Information provided:

━━━

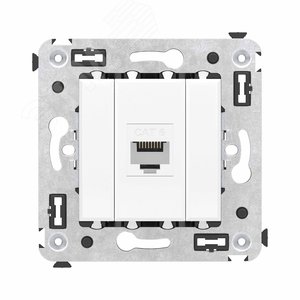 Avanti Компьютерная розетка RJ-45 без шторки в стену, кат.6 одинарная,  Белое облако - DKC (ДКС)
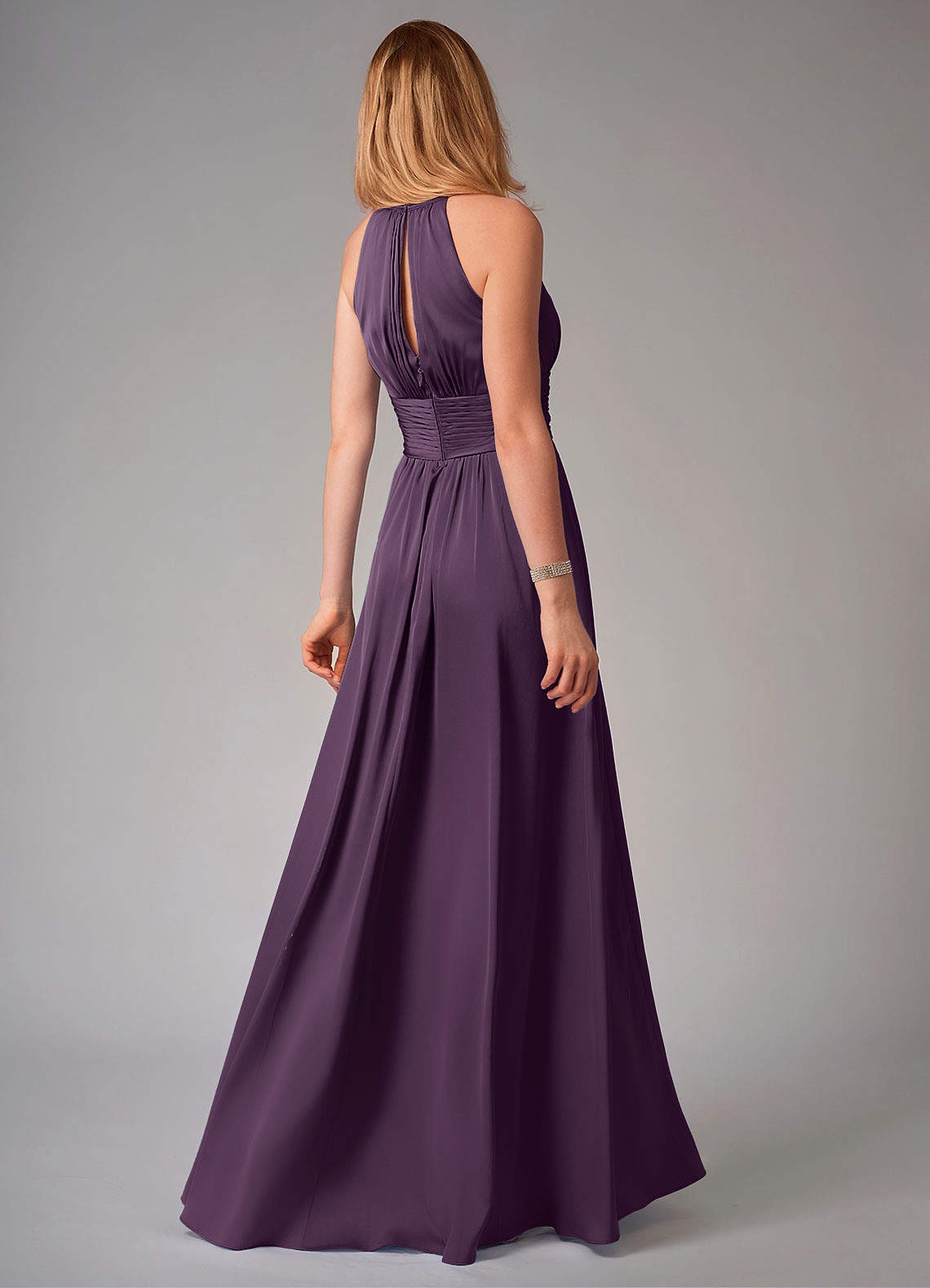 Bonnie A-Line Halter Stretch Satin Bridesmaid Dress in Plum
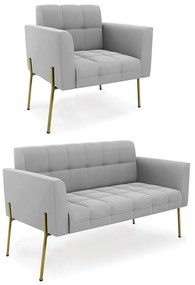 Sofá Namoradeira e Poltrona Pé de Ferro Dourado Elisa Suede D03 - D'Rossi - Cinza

━━━

What to work on: Write down exactly the lines running from the line with "Bonnie A-Line Halter" through the end of the material, both ends included, and none of the pictures.

Result for this exercise:
 Bonnie A-Line Halter Stretch Satin Bridesmaid Dress in Plum
 Sofá Namoradeira e Poltrona Pé de Ferro Dourado Elisa Suede D03 - D'Rossi - Cinza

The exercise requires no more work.